The UPA government on Wednesday indicated further liberalisation of the foreign direct investment (FDI) policy in the coming weeks to attract foreign investments into the country.
“The government will continue its endeavour for liberalising the FDI policy further in the coming weeks to ensure that India retains its leadership position for attracting foreign investments,” Commerce and Industry Minister Anand Sharma said in a statement.
Last year, the government has relaxed foreign direct investment (FDI) norms in several sectors such as telecom, defence, PSU oil refineries, commodity bourses, power exchanges and stock exchanges.
In 2013, India was rated as the most favoured investment destination globally, he said, adding “the decisions of the government have resonated with the global community and we have seen results in the last few months”.
The Ministry is now working to relax FDI norms in railways and construction activities.
During April-October this fiscal, India attracted FDI worth $ 12.6 billion, a decline of 15 per cent over the same period last year.
Expressing optimism over the economy in 2014, he said the coming months will see a greater push for development of industrial corridors across the country and work will commence for establishment of the first few cities along the Delhi- Mumbai Industrial Corridor (DMIC).
The $ 90 billion DMIC project is aimed at creating mega industrial infrastructure along the Delhi-Mumbai Rail Freight Corridor, which is under implementation. Japan is providing financial and technical aid for the project, which will cover seven states totalling 1,483 km.
“I expect that with greater foreign investment and technology collaborations, Indian manufacturing will also move up the value chain and acquire greater competitiveness globally,” he added.
On India’s exports, Mr.
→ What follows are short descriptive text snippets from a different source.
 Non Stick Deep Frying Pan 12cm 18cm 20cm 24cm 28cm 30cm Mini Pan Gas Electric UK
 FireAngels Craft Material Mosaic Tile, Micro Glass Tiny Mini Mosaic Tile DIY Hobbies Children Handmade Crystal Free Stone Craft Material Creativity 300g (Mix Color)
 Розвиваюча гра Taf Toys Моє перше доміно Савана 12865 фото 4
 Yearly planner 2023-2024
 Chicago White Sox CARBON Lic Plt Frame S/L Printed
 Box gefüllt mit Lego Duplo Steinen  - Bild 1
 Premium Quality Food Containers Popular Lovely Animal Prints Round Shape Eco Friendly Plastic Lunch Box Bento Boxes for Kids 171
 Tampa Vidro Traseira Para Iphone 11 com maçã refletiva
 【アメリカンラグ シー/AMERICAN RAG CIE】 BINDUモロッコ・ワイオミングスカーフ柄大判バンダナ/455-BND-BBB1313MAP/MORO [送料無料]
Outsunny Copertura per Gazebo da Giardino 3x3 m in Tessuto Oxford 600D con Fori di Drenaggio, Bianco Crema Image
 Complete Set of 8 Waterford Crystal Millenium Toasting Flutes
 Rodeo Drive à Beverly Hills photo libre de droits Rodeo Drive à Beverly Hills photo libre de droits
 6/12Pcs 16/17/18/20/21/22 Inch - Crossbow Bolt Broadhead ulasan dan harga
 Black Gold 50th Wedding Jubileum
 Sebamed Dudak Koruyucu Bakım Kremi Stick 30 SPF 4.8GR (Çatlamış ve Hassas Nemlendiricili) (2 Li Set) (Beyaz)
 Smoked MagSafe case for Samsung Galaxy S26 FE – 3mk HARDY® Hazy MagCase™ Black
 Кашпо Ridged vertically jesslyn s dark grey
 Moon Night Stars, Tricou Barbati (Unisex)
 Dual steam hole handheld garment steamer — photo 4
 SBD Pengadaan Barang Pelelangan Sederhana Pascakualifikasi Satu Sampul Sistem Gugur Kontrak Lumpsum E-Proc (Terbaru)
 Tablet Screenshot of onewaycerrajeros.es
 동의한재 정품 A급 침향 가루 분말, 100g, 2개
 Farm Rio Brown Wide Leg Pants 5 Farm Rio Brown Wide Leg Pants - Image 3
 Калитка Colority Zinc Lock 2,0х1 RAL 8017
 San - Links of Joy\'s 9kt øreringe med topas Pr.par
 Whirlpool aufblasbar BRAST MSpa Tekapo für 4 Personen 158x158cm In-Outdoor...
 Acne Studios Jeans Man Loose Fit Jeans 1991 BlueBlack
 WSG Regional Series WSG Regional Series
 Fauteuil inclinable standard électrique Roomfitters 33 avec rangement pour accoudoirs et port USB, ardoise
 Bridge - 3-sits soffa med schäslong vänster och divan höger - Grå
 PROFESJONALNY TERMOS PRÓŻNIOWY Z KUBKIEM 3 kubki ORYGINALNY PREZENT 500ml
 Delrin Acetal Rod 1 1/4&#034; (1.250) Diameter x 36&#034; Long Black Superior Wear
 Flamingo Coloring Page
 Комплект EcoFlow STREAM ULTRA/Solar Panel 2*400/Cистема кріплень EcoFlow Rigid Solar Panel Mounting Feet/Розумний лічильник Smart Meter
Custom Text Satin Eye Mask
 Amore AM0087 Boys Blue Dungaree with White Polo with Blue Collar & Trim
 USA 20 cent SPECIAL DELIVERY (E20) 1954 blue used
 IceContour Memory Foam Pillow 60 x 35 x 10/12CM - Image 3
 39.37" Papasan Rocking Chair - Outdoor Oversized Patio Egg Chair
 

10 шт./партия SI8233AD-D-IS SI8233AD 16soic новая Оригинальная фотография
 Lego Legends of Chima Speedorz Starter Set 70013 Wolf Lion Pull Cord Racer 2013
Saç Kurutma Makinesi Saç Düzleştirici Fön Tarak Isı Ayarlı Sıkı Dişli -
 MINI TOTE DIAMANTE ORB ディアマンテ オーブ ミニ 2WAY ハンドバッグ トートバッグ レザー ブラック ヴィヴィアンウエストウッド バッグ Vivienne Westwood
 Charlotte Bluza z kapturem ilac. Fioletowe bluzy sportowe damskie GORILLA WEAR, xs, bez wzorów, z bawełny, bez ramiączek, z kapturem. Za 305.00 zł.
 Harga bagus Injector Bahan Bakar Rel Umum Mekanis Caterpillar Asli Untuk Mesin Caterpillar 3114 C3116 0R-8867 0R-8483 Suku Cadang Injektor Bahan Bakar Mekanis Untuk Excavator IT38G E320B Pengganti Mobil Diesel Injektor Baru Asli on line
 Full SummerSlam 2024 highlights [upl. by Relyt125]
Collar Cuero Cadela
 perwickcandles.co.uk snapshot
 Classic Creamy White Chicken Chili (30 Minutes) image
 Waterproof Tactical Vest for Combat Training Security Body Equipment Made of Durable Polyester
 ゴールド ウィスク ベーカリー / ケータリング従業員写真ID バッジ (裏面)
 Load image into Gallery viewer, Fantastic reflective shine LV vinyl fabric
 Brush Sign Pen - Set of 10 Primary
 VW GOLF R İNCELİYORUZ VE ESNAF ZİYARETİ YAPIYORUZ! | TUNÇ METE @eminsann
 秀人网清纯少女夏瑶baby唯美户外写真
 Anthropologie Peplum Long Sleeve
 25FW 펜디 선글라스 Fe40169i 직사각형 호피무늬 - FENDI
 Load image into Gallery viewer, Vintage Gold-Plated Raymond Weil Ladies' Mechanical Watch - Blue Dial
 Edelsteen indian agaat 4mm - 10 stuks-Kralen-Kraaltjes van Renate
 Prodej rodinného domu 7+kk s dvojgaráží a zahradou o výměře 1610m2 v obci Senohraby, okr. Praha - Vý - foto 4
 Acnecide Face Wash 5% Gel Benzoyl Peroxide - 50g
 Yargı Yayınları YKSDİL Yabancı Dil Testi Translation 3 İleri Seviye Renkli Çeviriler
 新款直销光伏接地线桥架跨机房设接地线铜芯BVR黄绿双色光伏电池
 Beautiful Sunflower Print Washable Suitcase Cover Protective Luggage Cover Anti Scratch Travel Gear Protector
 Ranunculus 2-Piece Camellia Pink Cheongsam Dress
Sharma said that despite weak demand in traditional markets, shipments have done reasonably well during the first eight months of the current fiscal.
“I am sure that in the remaining period of this financial year, exports will show a strong and dynamic growth,” he said.
In April-November 2013, exports grew by 6.27 per cent to $ 204 billion while imports aggregated at $ 304 billion.
Trade deficit for the period stood at $ 100 billion.
Further, the Minister said the steps taken by the government both on the fiscal and current account front have yielded positive results.